Hideko laughs as she shares memories of her “beloved” younger brother as a child, through black-and-white family photos.

The youngest of six siblings, he always seems to stand by her side.

“We were always together when we were kids,” she explains. “I always knew I had to take care of my little brother. And so, it continues.”

She walks into Mr. Hakamata’s room and introduces his ginger cat, who sits on the chair he usually sits on. Then she points to pictures of him as a young professional boxer.

“He wanted to be a champion,” she says. “Then the incident happened.”

Getty Images Iwao Hakamata looks out the window of a car.Getty Images

Iwao Hakamata, 88, was acquitted in September 2024.

After Mr.

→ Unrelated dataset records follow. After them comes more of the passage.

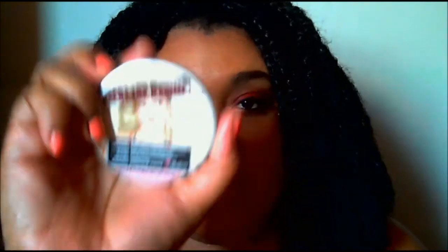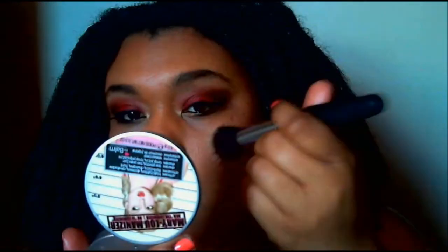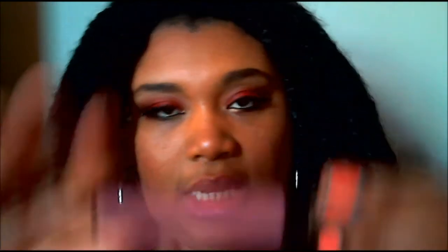Next I'm going to take The Balm's Mary Lou Manizer and apply this as my highlight. For my lips, I'm going to take MAC's Viva Glam 5, which is this nude color, and I'm also going to take L'Oreal Couture Shine in Elite and apply this to my lips.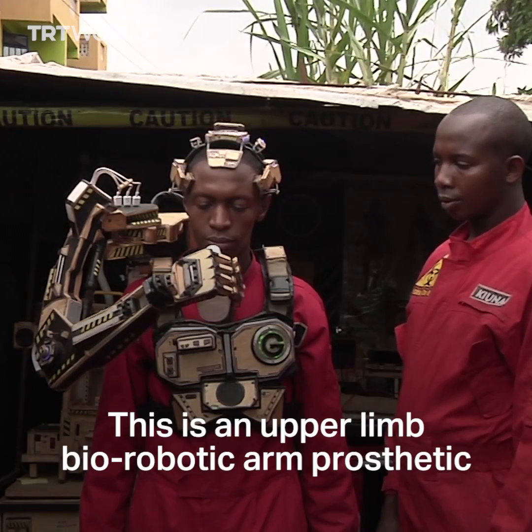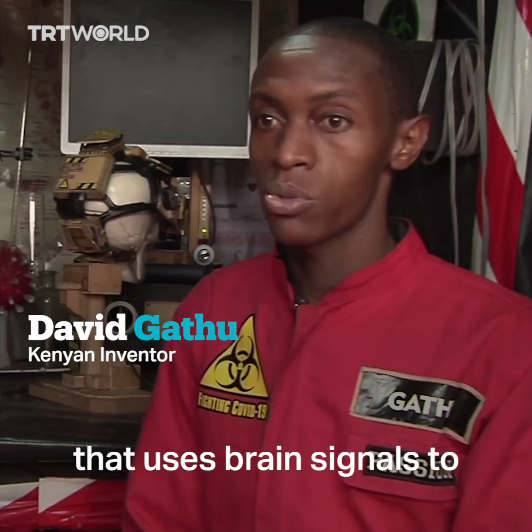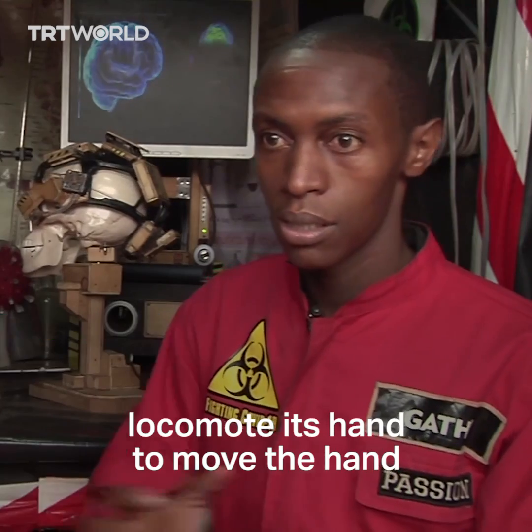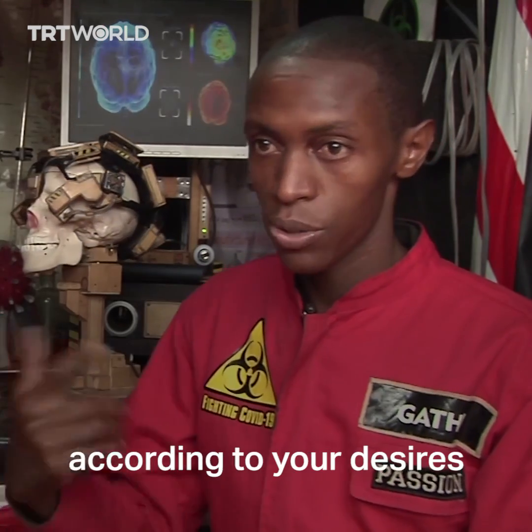This is an anaparimp, a biorobotic hand prosthetic that uses brain signals to locomote its hand — to move the hand according to your desires.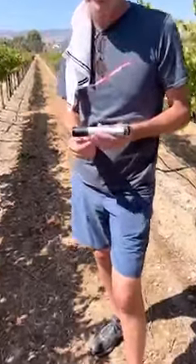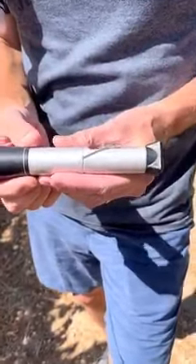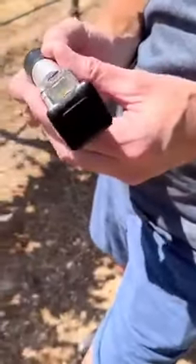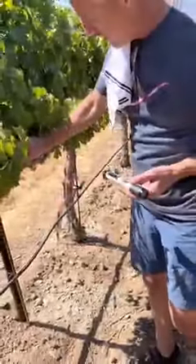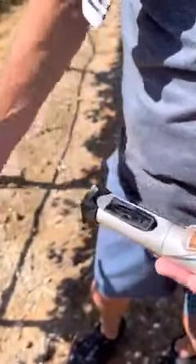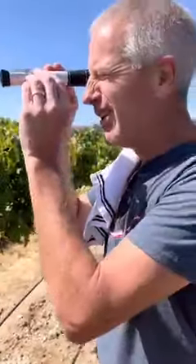What I have here is a handheld refractometer, essentially designed to do some really quick sugar level checks of fruit out in the vineyard. So what we'll do is go along, grab a berry off of a bunch, kind of squeeze that berry down, get some of the juice on there, close that down, and then look up.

Hakamata’s release in 2014, Hideko wanted to make the apartment as bright as possible, she explains. So he painted the front door pink.

“I believed that if he was in a bright room and had a pleasant life, he would naturally recover.”

This is the first thing one notices when visiting Hideko’s apartment, this bright pink statement of hope and resilience.

It’s unclear whether it has worked – Mr Hakamata still walks back and forth for hours, just as he has for years in a prison cell the size of three single tatami mats.

But Hideko refuses to dwell on the question of what her life would have been like had it not been for such a colossal miscarriage of justice.

When asked who she holds responsible for her brother’s suffering, she replies: “Nobody”.

“We will not find any complaints about what happened.”

His priority now is to keep his brother comfortable. Every morning she shaves his face, massages his head, eats sliced ​​apples and apricots for his breakfast.

Hideko, who has spent most of her 91 years fighting for her brother’s freedom, says it was her fate.

“I don’t want to think about the past. I don’t know how long I will live,” she says. “I just want Iwao to live a peaceful and quiet life.”